Também em março, a SBPC divulgou um manifesto assinado por 11 ex-ministros de Ciência, Tecnologia e Inovações, entre eles José Goldemberg, Aloizio Mercadante, Marco Antonio Raupp e Aldo Rebelo, que ocuparam o cargo em diferentes momentos, entre 1991 e 2016, chamando a atenção para a necessidade de garantir recursos para a CT&I no Brasil em um momento de crise sanitária. “Sem ciência não há inovação. Sem inovação não há desenvolvimento”, dizia o texto. “O conhecimento científico e a educação devem ser colocados no centro das questões nacionais e revalorizados como alavancas para o crescimento econômico, reindustrialização e redução da pobreza.”

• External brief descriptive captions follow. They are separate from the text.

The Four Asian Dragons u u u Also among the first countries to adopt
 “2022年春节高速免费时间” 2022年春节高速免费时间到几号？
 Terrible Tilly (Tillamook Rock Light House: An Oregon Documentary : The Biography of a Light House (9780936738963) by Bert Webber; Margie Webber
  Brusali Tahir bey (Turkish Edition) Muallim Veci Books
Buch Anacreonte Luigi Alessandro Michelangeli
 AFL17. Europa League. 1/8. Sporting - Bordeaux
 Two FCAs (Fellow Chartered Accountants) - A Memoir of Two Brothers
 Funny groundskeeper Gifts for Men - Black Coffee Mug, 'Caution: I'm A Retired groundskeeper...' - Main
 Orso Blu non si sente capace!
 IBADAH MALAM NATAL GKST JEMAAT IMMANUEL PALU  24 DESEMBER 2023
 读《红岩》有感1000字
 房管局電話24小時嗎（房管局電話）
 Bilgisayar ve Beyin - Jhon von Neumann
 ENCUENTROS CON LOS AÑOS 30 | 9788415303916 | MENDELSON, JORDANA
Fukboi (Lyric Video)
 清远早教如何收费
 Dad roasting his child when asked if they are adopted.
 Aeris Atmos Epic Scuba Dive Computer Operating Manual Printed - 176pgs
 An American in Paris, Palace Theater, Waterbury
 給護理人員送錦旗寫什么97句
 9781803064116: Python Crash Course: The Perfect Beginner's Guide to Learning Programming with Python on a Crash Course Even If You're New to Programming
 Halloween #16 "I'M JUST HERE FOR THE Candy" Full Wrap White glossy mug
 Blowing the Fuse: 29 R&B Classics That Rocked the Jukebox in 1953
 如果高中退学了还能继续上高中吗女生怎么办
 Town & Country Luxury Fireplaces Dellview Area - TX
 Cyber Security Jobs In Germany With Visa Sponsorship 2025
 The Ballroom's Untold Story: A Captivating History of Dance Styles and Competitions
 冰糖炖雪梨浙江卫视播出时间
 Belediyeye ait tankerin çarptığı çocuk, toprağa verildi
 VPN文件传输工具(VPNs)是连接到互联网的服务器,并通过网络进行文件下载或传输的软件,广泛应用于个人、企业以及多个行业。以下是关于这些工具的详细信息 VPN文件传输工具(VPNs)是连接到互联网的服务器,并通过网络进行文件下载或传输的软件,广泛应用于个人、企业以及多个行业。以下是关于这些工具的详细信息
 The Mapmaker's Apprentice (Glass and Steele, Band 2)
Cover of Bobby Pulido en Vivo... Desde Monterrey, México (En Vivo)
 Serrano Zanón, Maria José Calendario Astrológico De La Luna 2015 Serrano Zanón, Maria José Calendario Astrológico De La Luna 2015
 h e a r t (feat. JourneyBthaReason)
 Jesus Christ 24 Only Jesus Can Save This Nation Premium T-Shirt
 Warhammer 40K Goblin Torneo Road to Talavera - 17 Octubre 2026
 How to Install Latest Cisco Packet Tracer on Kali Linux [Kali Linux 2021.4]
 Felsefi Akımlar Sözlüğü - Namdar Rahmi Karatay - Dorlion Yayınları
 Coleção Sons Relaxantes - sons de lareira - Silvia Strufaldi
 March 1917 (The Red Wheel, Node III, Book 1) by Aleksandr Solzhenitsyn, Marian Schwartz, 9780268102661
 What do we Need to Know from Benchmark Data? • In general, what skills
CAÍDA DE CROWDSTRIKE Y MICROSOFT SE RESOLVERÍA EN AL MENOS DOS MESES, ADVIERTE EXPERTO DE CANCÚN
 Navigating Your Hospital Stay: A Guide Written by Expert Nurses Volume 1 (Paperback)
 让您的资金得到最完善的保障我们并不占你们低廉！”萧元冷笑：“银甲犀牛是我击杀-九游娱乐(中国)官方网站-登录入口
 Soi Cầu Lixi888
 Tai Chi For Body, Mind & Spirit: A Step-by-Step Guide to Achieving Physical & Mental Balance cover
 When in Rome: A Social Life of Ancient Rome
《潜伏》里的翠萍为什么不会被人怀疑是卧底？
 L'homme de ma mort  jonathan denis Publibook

Na avaliação de Fernando Peregrino, presidente do Conselho Nacional das Fundações de Apoio às Instituições de Ensino Superior e de Pesquisa Científica e Tecnológica (Confies), as circunstâncias atuais evidenciaram a importância da manutenção de recursos governamentais para projetos estratégicos e foram fundamentais para convencer os parlamentares a derrubarem o veto. “O agravamento da pandemia no país reforçou o papel estratégico da CT&I na resolução de problemas de saúde e ajudou a sensibilizar os parlamentares sobre a importância do FNDCT, contendo a fuga de alguns votos e ajudando a angariar outros.”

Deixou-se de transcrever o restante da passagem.